Use this mode for npm metadata and package tarballs behind a single prefix.

Field Type Default Description
route.path path required URL mount path
expire_after expiration 720h Maximum object lifetime
upstream URL required Upstream registry
metadata_policy policy revalidate Policy for package metadata
metadata_fresh_for freshness Freshness for metadata
metadata_busy_policy busy policy stale Busy policy for metadata
tarball_policy policy immutable Policy for tarballs
go - GOPROXY + SumDB
go:
  route: { path: /go }
  proxies:
    - https://proxy.golang.org
  module_policy: revalidate
  module_fresh_for: 1m
  module_busy_policy: stale
  zip_policy: immutable
  sumdb:
    enabled: true
    name: sum.golang.org
    url: https://sum.golang.org
  sumdb_fresh_for: 30s
  sumdb_busy_policy: bypass
  goprivate:
    - "*.corp.example.com"

Use this mode to proxy public module traffic while allowing selected private module prefixes to bypass the proxy.

Field Type Default Description
route.path path required URL mount path
expire_after expiration 720h Maximum object lifetime
proxies []URL required GOPROXY chain
module_policy policy revalidate Policy for module metadata endpoints
module_fresh_for freshness 1m Freshness for module metadata
module_busy_policy busy policy stale Busy policy for module metadata
zip_policy policy immutable Policy for module zip files
sumdb.enabled bool true Enable SumDB proxying
sumdb.name string sum.golang.org SumDB name in request path
sumdb.url URL https://sum.golang.org Upstream SumDB
sumdb_fresh_for freshness 30s Freshness for SumDB responses
sumdb_busy_policy busy policy bypass Busy policy for SumDB
goprivate []glob Private module patterns that bypass proxying
disable_module_fetch_header bool false Honor Disable-Module-Fetch request header
maven - Maven repository cache
maven:
  route: { path: /maven }
  upstream: https://repo1.maven.org/maven2
  release_policy: immutable
  snapshot_policy: revalidate
  snapshot_fresh_for: 5m
  checksum_policy: revalidate
  checksum_fresh_for: 30s
  checksum_busy_policy: bypass
  metadata_fresh_for: 2m
  metadata_busy_policy: stale

Use this mode for Maven Central or an internal Maven repository with different behavior for releases, snapshots, metadata, and checksums.

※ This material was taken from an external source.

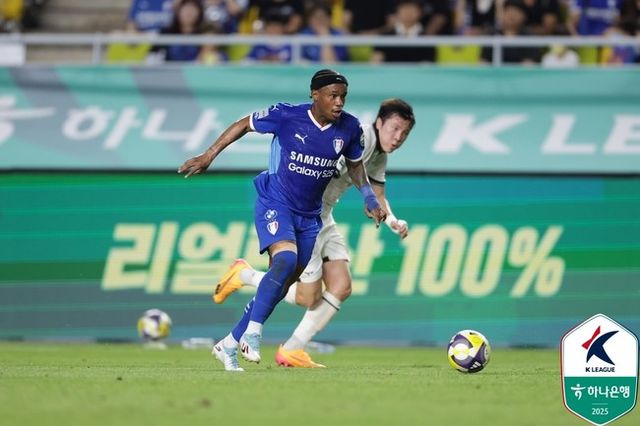 [K리그2 현장리뷰] 이것이 바로 빅버드 극장! 강성진-홍원진 추가시간 2골…수원 성남과 2-2 극적 무승부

Field Type Default Description
route.path path required URL mount path
expire_after expiration 720h Maximum object lifetime
upstream URL required Upstream repository root
release_policy policy immutable Policy for release artifacts
snapshot_policy policy revalidate Policy for snapshot artifacts
snapshot_fresh_for freshness Freshness for snapshot artifacts
metadata_fresh_for freshness Freshness for maven-metadata.xml
metadata_busy_policy busy policy stale Busy policy for metadata
checksum_policy policy revalidate Policy for checksum and signature sidecars
checksum_fresh_for freshness 30s Freshness for checksum sidecars
checksum_busy_policy busy policy bypass Busy policy for checksum sidecars
cargo - crates.io sparse index cache
cargo:
  route: { path: /cargo }
  upstream: https://index.crates.io
  crate_policy: immutable
  index_fresh_for: 5m
  index_busy_policy: stale
  auth_required: false

Use this mode for Cargo sparse index traffic and crate downloads.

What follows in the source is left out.